The vast majority of techniques to train fair models require access to the protected attribute (e.g., race, gender), either at train time or in production. However, in many important applications this protected attribute is largely unavailable. In this paper, we develop methods for measuring and reducing fairness violations in a setting with limited access to protected attribute labels. Specifically, we assume access to protected attribute labels on a small subset of the dataset of interest, but only probabilistic estimates of protected attribute labels (e.g., via Bayesian Improved Surname Geocoding) for the rest of the dataset. With this setting in mind, we propose a method to estimate bounds on common fairness metrics for an existing model, as well as a method for training a model to limit fairness violations by solving a constrained non-convex optimization problem. Unlike similar existing approaches, our methods take advantage of contextual information -- specifically, the relationships between a model's predictions and the probabilistic prediction of protected attributes, given the true protected attribute, and vice versa -- to provide tighter bounds on the true disparity.
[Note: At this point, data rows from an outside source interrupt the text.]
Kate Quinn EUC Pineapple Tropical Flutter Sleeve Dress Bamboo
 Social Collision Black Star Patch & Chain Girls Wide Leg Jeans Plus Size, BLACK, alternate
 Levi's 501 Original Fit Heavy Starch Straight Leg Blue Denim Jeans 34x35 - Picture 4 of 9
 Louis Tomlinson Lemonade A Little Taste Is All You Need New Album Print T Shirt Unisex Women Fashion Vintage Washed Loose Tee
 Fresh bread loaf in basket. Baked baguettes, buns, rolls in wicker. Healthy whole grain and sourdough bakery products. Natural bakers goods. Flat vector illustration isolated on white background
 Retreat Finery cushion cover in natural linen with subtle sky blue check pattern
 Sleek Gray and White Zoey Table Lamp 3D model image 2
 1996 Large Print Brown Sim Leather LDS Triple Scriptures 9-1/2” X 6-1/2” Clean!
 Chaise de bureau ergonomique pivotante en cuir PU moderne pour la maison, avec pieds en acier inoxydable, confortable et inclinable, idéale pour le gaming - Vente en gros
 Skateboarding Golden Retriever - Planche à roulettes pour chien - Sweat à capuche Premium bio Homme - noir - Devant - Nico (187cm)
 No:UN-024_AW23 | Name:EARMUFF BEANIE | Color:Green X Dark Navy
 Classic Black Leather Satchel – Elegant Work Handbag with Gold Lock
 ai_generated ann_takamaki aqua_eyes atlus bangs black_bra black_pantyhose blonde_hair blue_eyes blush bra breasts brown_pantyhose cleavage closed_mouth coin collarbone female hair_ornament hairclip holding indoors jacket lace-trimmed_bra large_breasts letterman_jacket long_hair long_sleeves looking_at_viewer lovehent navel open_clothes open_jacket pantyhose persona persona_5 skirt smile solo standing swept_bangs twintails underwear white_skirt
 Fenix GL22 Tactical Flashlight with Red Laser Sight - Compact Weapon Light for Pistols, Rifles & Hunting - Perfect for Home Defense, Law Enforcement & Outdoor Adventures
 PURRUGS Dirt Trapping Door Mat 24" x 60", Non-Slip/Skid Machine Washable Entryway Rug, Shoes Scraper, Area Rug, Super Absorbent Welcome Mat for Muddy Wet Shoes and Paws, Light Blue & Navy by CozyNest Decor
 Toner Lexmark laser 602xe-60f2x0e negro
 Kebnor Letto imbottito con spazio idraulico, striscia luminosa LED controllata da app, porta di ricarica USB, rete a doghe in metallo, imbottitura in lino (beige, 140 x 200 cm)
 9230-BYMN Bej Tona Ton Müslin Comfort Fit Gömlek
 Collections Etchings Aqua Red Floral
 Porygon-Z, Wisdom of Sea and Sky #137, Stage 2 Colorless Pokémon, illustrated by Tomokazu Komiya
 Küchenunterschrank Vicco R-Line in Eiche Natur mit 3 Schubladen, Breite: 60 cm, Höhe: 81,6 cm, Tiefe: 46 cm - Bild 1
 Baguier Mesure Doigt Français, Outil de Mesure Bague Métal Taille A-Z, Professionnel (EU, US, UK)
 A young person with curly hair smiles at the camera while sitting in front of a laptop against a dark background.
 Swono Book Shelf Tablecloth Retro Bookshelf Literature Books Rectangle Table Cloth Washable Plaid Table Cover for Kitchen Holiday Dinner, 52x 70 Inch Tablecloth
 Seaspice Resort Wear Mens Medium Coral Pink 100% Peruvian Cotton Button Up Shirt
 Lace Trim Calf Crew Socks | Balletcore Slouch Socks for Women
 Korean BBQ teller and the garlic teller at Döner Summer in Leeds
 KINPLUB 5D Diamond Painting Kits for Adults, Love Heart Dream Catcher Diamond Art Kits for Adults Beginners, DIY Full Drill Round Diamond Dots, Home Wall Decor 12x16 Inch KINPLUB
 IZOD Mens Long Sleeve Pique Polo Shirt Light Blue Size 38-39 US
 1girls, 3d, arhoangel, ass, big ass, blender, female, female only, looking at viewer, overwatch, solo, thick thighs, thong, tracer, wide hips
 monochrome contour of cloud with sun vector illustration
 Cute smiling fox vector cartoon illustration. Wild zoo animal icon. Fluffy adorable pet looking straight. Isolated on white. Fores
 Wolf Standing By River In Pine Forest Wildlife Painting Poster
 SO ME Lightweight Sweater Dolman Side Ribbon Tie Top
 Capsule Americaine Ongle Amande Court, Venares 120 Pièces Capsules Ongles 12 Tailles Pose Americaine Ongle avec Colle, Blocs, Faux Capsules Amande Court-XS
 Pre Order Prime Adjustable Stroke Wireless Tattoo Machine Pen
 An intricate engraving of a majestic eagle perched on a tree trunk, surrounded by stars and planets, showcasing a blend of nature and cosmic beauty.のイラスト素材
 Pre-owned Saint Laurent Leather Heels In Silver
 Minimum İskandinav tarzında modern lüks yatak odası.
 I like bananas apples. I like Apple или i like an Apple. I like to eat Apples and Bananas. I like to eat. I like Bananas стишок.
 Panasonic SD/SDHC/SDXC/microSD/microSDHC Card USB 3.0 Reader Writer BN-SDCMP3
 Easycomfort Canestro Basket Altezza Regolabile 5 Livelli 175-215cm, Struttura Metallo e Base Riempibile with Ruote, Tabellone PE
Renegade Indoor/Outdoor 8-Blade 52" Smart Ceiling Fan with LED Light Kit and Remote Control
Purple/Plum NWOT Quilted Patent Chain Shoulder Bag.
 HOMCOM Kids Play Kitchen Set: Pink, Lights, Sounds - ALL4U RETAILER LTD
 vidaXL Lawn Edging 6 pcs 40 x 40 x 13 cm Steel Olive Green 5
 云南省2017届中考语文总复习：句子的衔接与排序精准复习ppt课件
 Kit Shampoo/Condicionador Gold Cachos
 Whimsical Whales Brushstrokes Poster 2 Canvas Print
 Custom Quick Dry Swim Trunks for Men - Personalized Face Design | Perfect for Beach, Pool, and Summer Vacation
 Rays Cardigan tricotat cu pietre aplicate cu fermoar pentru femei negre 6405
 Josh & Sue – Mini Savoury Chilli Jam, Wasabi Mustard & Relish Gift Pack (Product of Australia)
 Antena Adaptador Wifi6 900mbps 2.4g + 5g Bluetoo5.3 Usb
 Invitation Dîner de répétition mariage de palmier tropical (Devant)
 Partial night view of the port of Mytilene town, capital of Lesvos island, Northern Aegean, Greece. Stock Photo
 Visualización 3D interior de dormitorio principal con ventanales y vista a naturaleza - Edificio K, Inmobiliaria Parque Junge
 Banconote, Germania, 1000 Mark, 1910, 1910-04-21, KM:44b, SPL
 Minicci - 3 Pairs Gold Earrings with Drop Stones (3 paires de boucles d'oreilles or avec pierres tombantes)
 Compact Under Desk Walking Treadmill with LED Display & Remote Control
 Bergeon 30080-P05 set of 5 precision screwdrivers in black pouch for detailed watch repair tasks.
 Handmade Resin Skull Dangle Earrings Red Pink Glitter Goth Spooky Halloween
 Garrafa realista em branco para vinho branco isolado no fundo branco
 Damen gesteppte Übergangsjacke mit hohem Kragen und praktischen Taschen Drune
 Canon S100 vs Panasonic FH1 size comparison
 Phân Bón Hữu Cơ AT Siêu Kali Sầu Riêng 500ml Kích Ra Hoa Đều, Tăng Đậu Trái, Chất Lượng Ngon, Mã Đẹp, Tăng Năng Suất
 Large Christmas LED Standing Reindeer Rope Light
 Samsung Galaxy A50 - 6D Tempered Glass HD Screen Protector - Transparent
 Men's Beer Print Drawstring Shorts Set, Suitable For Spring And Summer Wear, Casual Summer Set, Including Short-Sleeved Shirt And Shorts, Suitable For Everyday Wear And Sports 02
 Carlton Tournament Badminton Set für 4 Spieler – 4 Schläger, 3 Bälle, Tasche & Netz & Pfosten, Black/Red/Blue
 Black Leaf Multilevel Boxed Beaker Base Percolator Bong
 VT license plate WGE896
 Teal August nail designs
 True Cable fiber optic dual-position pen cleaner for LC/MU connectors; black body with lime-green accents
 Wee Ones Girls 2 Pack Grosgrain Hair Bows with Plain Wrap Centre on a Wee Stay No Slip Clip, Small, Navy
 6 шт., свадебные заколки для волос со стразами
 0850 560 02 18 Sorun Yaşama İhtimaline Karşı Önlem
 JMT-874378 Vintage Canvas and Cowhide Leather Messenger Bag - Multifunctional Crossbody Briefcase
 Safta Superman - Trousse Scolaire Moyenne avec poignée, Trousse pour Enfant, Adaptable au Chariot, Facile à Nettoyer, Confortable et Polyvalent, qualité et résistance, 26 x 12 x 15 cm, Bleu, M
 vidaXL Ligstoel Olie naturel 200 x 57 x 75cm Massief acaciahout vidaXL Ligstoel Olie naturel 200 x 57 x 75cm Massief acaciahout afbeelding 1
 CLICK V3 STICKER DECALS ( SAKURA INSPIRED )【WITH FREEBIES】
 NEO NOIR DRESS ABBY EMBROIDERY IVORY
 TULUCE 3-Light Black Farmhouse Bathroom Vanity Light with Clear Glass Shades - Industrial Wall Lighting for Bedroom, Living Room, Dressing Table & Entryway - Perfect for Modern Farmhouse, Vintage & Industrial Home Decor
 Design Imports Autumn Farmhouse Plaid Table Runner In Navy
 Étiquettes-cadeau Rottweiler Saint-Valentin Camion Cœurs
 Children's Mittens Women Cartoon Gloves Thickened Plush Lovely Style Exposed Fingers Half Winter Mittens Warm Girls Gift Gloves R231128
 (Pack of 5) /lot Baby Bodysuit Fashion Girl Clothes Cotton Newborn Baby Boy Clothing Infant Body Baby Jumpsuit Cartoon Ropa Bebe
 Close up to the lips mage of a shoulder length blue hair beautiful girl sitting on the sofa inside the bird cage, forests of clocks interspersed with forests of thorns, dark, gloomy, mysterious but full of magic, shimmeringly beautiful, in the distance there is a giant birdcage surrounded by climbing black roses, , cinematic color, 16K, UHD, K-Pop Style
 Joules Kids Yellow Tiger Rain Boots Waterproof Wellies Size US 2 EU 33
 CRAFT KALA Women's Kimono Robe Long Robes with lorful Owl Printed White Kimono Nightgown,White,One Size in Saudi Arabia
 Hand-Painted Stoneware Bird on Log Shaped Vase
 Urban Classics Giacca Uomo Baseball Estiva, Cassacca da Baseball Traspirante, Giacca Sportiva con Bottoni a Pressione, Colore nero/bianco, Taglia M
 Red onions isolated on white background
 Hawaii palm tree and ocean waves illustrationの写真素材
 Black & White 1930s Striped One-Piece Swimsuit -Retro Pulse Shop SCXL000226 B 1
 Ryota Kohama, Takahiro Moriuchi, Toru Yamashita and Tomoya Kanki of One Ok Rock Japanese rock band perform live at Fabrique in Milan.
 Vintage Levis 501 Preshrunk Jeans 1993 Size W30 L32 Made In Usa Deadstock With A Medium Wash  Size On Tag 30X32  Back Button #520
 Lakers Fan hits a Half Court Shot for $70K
We provide an empirical illustration of our methods using voting data. First, we show our measurement method can bound the true disparity up to 5.5x tighter than previous methods in these applications. Then, we demonstrate that our training technique effectively reduces disparity while incurring lesser fairness-accuracy trade-offs than other fair optimization methods with limited access to protected attributes.